As Tokyo prepares to host the inaugural Olympic 3x3 basketball, freestyle BMX and skateboarding events, youth-focused "street sports" are breaking new ground in Japan, providing unexpected benefits and opportunities in some unlikely places.

While the X-Games and the International Extreme Sports Festival, known as FISE, have showcased extreme and street sports worldwide since the mid-1990s, team sports, tennis and traditional Olympic sports like wrestling, gymnastics and swimming remain the most popular in Japan.

(Sora Shirai attempts a trick during the skateboarding competition at the Ark League on April 29, 2019.)

But alongside the inclusion of several new-generation sports on the 2020 Olympic program, more and more "urban" competitions are being held across the country, revealing a growing interest in what are generally considered young people's sports and bringing new opportunities for the next era of Japanese athletes.

And since these events can be hosted with minimal infrastructure outlay, with competitions requiring just the small, flat spaces found in any city, they can be held as part of local festivals in parks or other urban areas, making them cheap and attractive to cities looking to jump on the extreme sports bandwagon.

One such competition, called the Ark League, recently concluded its third annual international event in Samukawa, Kanagawa Prefecture, featuring BMX, skateboarding and, for the first time, breakdancing.

The Ark League was formed in 2017 from a merger of Flat Ark -- a BMX Flatland World Circuit competition started in Kobe in 2013 -- and Skate Ark, which was created shortly after skateboarding was given the tick as a new Olympic sport for the 2020 Games. Break Ark debuted this year as the festival's third offering.

Flat Ark was organized by 36-year-old Yohei Uchino, a legend in his native Kobe and in BMX circles around the world. Uchino, the BMX Flatland World Circuit champion for three years running from 2012 to 2014, set out to create "a contest for the riders, by the riders" in order to establish "an environment where riders can put on their best performance."

The way Uchino explains it, "From the scoring system to the waiting room to the air conditioning, everything is administered completely from the athlete's point of view.
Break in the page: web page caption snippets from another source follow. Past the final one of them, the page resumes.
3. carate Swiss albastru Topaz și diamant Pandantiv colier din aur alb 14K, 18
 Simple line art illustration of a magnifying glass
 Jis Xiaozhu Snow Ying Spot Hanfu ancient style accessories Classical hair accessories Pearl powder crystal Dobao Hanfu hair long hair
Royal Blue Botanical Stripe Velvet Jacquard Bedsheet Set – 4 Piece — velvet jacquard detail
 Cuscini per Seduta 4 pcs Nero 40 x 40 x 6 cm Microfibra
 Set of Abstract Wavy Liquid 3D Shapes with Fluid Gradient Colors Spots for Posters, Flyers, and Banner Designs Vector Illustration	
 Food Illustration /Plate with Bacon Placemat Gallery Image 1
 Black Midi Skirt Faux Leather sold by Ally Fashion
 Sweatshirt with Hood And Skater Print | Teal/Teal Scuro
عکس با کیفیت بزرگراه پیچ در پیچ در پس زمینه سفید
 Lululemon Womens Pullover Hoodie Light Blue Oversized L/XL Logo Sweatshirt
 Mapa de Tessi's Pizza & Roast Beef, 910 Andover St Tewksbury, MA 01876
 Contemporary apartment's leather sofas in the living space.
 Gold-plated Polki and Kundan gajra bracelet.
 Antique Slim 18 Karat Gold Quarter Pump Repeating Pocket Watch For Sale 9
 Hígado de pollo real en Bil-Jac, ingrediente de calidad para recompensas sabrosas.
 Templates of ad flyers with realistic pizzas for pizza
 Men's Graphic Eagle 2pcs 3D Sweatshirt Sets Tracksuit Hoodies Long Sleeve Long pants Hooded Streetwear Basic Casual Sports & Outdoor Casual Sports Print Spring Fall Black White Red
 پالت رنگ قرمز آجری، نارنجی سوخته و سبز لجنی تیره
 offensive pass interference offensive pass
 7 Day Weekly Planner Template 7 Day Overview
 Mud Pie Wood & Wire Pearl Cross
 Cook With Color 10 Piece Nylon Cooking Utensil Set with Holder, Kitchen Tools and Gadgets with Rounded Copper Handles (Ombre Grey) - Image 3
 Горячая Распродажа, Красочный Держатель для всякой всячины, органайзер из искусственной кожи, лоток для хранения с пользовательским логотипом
That way they can show off their real ability."

Top athletes from Japan and some of the sports' biggest names from across the world were invited to the April 27-29 Ark League in Samukawa.

Japanese 17-year-old Sora Shirai stood out, dominating the skateboard street competition and getting a boost of confidence ahead of May's Street League World Tour stop in London where he finished seventh, Japan's best result on the men's side.

Larger scale festival-style multi-discipline competitions -- like ESPN's X-Games and the France-born FISE, held in Hiroshima for the first time last year -- have enjoyed worldwide success, with the increased profile demonstrating the sports' promise to the International Olympic Committee which is looking to attract a younger audience.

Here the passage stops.